LONDON: Sterling hit a three-week high against the dollar on Tuesday, rising above $1.32, with speculators cutting bets against the currency as data suggested that Britain’s economy is holding up surprisingly well in the aftermath of the Brexit vote.
Orders for British manufacturing exports hit a two-year peak in August, data released on Tuesday showed.
The Confederation of British Industry said its measure of overall factory orders dipped slightly in August to -5. That beat a median forecast of -9 while export orders improved to -6 from -22, their highest since August 2014.
July inflation and retail sales numbers released last week beat forecasts, adding to signs that consumers had yet to rein in spending after June’s vote to leave the European Union.
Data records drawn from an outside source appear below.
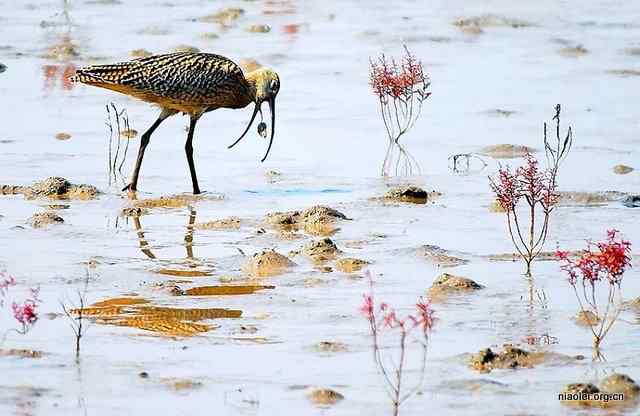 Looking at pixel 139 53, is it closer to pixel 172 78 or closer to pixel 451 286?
pixel 172 78

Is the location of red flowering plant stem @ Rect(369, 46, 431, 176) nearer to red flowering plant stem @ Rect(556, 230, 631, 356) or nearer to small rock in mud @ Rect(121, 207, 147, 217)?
small rock in mud @ Rect(121, 207, 147, 217)

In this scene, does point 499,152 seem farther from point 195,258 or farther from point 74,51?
point 74,51

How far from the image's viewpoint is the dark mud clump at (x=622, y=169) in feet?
40.8

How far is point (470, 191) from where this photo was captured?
1191 cm

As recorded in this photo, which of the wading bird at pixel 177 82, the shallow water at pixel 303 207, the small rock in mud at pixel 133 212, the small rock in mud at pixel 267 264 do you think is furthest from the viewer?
the wading bird at pixel 177 82

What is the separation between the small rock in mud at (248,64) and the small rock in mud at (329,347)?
31.4ft

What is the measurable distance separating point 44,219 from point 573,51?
9.79 meters

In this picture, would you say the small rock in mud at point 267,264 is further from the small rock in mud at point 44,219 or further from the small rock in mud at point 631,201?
the small rock in mud at point 631,201

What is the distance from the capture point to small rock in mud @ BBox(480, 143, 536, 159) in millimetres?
13117

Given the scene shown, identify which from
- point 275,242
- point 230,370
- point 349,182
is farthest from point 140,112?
point 230,370

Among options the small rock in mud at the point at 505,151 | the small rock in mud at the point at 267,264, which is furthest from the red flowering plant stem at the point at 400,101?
the small rock in mud at the point at 267,264

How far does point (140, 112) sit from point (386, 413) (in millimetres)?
8439

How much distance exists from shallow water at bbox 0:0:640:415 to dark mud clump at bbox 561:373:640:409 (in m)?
0.10

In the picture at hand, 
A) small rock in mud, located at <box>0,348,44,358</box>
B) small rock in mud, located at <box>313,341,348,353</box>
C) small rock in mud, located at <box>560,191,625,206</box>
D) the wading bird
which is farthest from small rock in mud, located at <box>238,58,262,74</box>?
small rock in mud, located at <box>0,348,44,358</box> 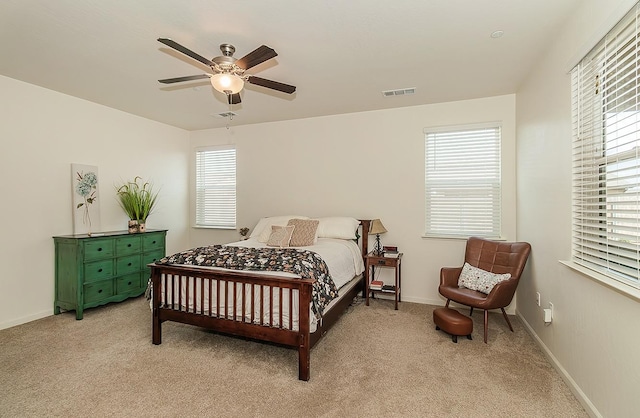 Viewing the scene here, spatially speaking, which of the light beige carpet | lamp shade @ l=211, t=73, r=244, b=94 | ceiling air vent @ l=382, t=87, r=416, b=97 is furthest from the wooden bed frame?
ceiling air vent @ l=382, t=87, r=416, b=97

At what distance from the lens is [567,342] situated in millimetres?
2283

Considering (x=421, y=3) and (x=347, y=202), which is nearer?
(x=421, y=3)

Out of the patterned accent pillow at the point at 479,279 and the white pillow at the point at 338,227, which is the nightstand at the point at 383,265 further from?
the patterned accent pillow at the point at 479,279

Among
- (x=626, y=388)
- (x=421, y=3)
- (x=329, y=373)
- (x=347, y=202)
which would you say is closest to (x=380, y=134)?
(x=347, y=202)

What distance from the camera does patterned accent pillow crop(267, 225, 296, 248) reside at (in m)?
3.88

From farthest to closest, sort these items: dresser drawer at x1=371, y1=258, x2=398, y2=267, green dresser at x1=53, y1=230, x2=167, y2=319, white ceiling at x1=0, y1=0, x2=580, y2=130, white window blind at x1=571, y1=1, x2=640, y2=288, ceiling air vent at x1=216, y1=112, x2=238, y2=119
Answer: ceiling air vent at x1=216, y1=112, x2=238, y2=119
dresser drawer at x1=371, y1=258, x2=398, y2=267
green dresser at x1=53, y1=230, x2=167, y2=319
white ceiling at x1=0, y1=0, x2=580, y2=130
white window blind at x1=571, y1=1, x2=640, y2=288

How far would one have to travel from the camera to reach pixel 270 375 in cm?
241

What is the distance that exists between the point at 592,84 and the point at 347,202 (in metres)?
3.03

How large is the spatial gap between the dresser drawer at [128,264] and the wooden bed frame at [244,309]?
1.54 meters

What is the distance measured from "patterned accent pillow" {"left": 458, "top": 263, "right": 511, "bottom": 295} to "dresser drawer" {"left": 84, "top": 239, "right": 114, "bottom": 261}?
4324 mm

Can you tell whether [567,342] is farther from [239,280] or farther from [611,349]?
[239,280]

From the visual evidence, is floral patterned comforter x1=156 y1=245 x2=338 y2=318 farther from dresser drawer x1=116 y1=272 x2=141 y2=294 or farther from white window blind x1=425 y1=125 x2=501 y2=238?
white window blind x1=425 y1=125 x2=501 y2=238

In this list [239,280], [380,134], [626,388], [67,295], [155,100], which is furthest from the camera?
[380,134]

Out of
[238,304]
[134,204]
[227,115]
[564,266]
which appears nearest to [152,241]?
[134,204] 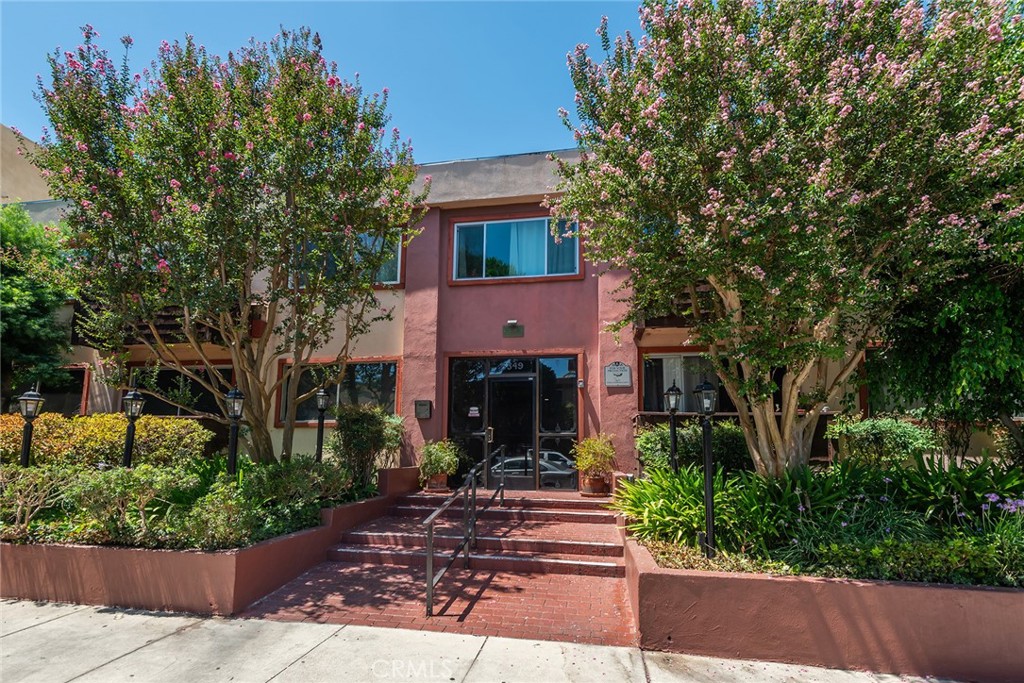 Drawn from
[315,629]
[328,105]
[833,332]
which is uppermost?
[328,105]

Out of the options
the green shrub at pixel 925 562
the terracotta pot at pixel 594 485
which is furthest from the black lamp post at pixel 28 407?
the green shrub at pixel 925 562

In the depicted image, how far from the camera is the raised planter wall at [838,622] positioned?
4.45 metres

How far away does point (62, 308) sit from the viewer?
42.1ft

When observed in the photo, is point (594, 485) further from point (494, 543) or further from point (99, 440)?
point (99, 440)

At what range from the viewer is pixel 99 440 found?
9.00 metres

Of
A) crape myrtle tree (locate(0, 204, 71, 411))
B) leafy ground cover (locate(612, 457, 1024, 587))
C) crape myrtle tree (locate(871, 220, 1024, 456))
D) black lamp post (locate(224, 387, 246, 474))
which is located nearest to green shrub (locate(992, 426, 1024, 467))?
crape myrtle tree (locate(871, 220, 1024, 456))

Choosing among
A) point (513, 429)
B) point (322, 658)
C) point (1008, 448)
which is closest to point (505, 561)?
point (322, 658)

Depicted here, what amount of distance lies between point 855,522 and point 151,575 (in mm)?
7331

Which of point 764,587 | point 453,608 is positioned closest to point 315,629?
point 453,608

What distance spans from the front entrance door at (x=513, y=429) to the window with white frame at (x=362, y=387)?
2186mm

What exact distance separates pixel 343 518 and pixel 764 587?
536cm

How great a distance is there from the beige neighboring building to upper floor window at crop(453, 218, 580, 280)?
11.6 meters

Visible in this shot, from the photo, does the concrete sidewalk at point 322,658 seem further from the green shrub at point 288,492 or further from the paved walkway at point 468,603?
the green shrub at point 288,492

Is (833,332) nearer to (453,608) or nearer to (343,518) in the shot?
(453,608) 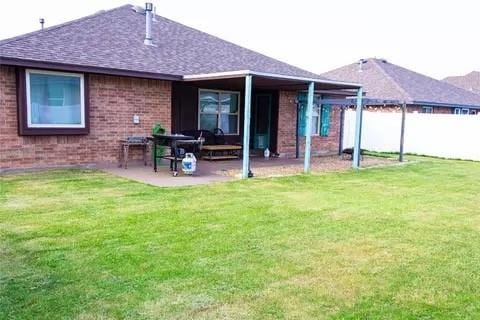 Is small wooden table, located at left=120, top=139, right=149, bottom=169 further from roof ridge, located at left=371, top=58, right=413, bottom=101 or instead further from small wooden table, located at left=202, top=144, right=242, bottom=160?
roof ridge, located at left=371, top=58, right=413, bottom=101

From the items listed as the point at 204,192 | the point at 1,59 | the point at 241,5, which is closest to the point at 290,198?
the point at 204,192

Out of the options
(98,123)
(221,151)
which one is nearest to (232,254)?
(98,123)

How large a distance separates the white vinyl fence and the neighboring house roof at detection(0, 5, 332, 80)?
211 inches

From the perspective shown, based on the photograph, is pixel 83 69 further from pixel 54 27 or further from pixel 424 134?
pixel 424 134

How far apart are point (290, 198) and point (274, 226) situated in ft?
6.50

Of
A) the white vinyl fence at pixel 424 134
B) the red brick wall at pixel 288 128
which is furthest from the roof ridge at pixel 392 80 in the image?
the red brick wall at pixel 288 128

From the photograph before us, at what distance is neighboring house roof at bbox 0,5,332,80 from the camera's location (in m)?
9.99

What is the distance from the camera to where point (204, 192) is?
7.90 meters

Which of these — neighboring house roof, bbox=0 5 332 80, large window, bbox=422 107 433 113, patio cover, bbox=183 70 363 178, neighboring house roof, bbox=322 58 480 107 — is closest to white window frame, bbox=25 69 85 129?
neighboring house roof, bbox=0 5 332 80

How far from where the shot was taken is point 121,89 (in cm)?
1098

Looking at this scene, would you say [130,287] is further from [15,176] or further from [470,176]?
[470,176]

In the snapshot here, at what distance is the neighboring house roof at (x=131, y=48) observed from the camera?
9992 millimetres

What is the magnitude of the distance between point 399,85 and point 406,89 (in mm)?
564

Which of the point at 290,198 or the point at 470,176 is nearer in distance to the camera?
A: the point at 290,198
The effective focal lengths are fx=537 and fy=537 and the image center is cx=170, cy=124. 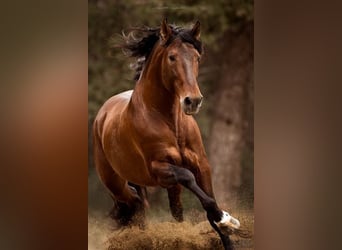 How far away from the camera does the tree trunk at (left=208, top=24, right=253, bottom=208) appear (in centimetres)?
187

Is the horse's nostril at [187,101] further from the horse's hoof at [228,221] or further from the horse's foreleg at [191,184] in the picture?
the horse's hoof at [228,221]

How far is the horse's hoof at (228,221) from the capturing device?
188 cm

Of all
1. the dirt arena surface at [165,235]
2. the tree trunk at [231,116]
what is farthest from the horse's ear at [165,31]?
the dirt arena surface at [165,235]

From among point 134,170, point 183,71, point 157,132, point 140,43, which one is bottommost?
point 134,170

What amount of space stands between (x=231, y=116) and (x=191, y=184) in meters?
0.28

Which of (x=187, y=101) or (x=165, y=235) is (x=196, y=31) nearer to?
(x=187, y=101)

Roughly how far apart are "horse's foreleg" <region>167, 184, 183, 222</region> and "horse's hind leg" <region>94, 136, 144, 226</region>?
11 cm

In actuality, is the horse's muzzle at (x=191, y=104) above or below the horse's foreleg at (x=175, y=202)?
above

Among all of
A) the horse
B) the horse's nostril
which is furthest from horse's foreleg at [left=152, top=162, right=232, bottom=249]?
the horse's nostril

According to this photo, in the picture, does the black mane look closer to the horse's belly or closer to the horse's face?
the horse's face

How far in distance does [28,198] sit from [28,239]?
150mm

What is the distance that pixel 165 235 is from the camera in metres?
1.90

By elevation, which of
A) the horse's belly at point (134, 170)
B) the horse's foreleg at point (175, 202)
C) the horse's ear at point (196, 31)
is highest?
the horse's ear at point (196, 31)

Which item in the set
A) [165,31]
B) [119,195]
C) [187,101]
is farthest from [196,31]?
[119,195] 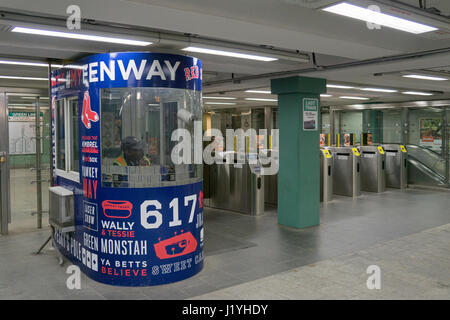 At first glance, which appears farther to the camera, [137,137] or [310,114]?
[310,114]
Lower than expected jobless claims also gave the pound a lift.
Sterling rose as much as half a percent to $1.3210, its highest since Aug. 4. It rose 0.3 percent against the euro to hit 85.85 pence, its strongest in 11 days, as speculators and hedge funds trimmed bets against the pound.
“Last month the British managers’ indices plunged sharply. But recent labour market data has been surprisingly strong, which investors regarded as a sign that the economy has not suffered a severe setback, so far,” said Thu Lan Nguyen, currency strategist at Commerzbank.
“Still, it is too soon to sound the all-clear … and downside potential for the pound remains high.”
Data released by the Commodity Futures Trading Commission on Friday showed positioning is stretched, with sterling net short positions reaching a record high of 94,238 contracts in the week to Aug. 16. Traders said some speculators were unwinding bets and booking profits.
“With bets against the pound overcrowded, it does not take much for the currency to rally in the short term. In August we have seen a trading range of $1.3371 to $1.2863 and currently there is an increasing amount of corporate orders being placed targeting a further rise towards the $1.33 price area,” said Nawaz Ali, currency analyst at Western Union.
Sterling hit a three-decade low of $1.2798 on July 8 and has been trading not far from that trough on expectations that the Bank of England may have to ease monetary policy further in coming months.
The central bank cut rates to a record low this month and restarted an asset-buying programme to cushion the economy from an expected post-Brexit slowdown.
On Tuesday British government bond prices jumped after the Bank of England received fewer offers than last week for its purchase of long-dated gilts under its bond-buying programme.